Chu says the intended reader is the educated public, and the idea is to promote cultural exchange and the positive influence of Chinese culture. :(

dylannn, Saturday, 1 August 2015 09:07 (eight years ago) link

do they pay translators? it would be fun to produce fake translations of china dream fables with protagonists that demonstrate strong confucian morals and devotion to the chinese nation.

dylannn, Saturday, 1 August 2015 09:12 (eight years ago) link

Nah, I think it's Li Rui translating the title story? It's one of those flimsy 80s (early 90s?) paperbacks. Cheers for the recs! Wang Yiyan's my prof in NZ so I'd like to make the effort w/Jia. Yeah, Bruce Humes' site is one of a handful of places I visit that's accessible here; dry but earnest.

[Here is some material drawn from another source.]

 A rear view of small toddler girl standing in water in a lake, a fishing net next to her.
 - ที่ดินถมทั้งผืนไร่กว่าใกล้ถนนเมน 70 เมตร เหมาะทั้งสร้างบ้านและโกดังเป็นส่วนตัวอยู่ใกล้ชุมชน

Really like this piece by a Chengdu-based friend about her time in Xinjiang: Hanzu in a Headscarf: Travels in Xinjiang. Also, dunno if there's the same panic about Chinese property buyers in CAN/AUS as in NZ, but this is a good overview on our latest depressing yellow peril redux.

xpost: Don't think they pay (or at least they didn't pay us - we did get a "best co-operation" certificate, as we were, uh, the only international collaboration) ... on the other hand, that kind of tilting-at-windmills/CI-style signalling is probably designed to skim some largesse from somewhere? Compared with a friend in Tianjin getting to go to Paper Republic events in Beijing, it's slim pickings for visible-to-老外 lit stuff here.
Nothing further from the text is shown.